-- DATA EXTRACTS --

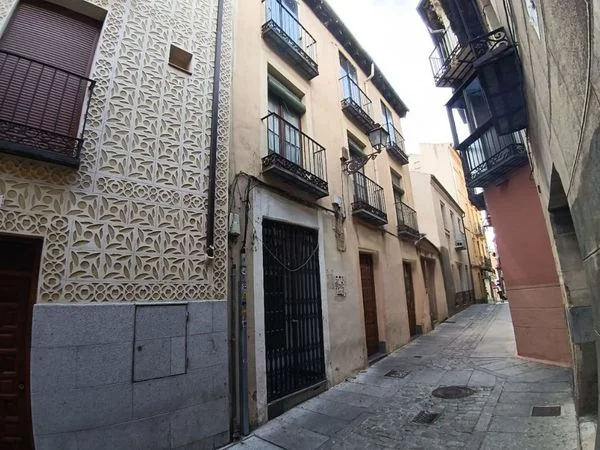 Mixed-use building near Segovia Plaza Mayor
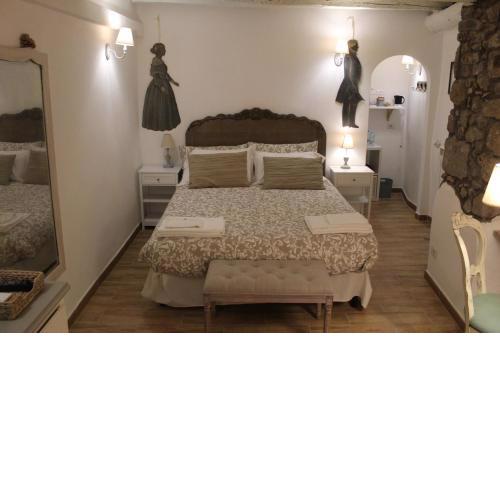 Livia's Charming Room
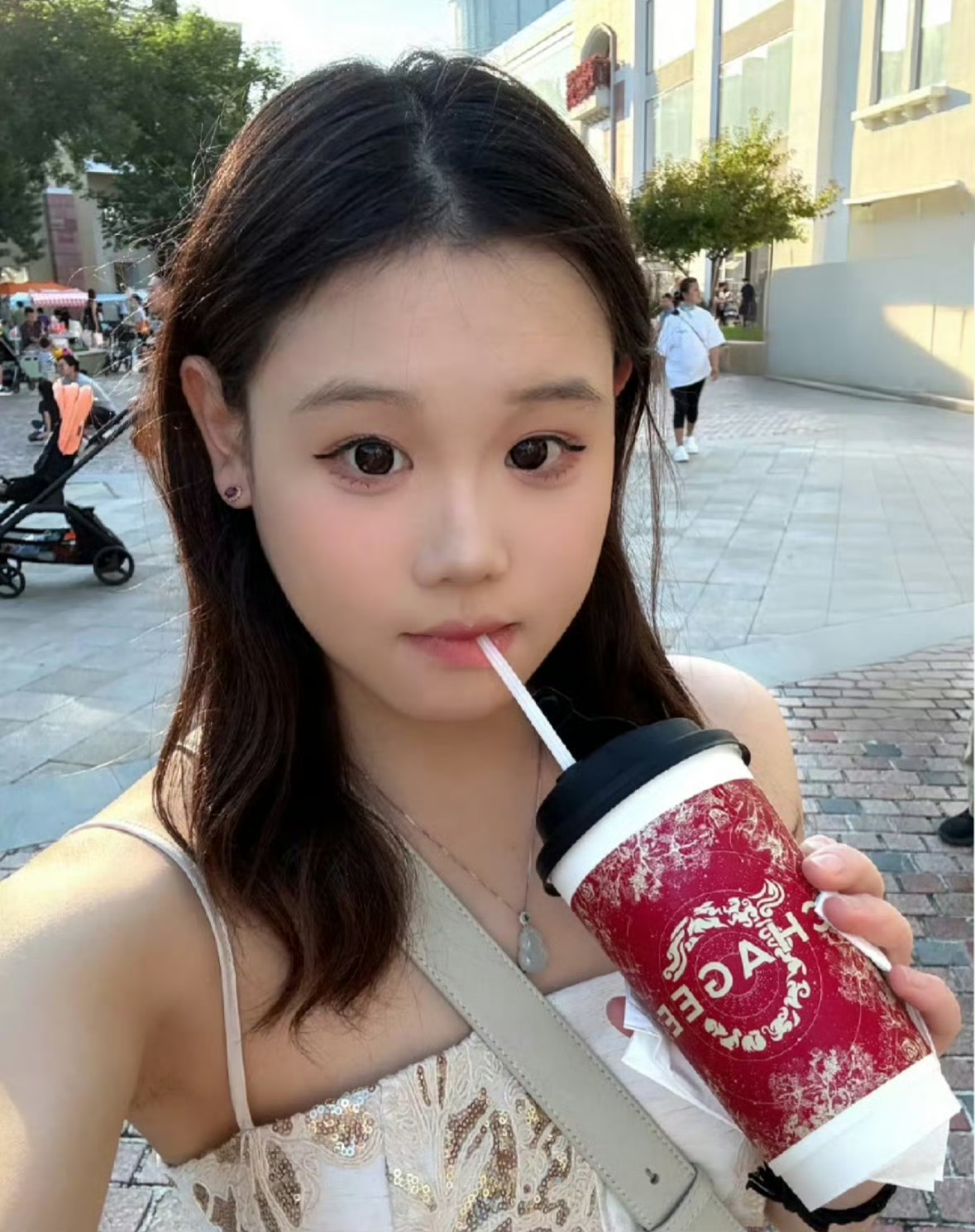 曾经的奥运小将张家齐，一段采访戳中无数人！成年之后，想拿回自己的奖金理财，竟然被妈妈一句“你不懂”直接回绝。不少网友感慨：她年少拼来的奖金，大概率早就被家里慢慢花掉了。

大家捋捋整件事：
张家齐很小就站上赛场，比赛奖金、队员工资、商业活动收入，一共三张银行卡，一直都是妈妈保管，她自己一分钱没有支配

---

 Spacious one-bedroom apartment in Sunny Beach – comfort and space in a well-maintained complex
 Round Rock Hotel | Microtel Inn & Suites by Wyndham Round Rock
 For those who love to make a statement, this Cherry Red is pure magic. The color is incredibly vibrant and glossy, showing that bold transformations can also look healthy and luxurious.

-- WORK INSTRUCTION --
Among the records above, locate the line containing "Livia's Charming Room" and the line containing "张家齐很小就站上赛场，比赛奖", then transcribe exactly the lines starting at the first and ending at the second, with no pictures.

-- EXPECTED ANSWER --
 Livia's Charming Room
 曾经的奥运小将张家齐，一段采访戳中无数人！成年之后，想拿回自己的奖金理财，竟然被妈妈一句“你不懂”直接回绝。不少网友感慨：她年少拼来的奖金，大概率早就被家里慢慢花掉了。

大家捋捋整件事：
张家齐很小就站上赛场，比赛奖金、队员工资、商业活动收入，一共三张银行卡，一直都是妈妈保管，她自己一分钱没有支配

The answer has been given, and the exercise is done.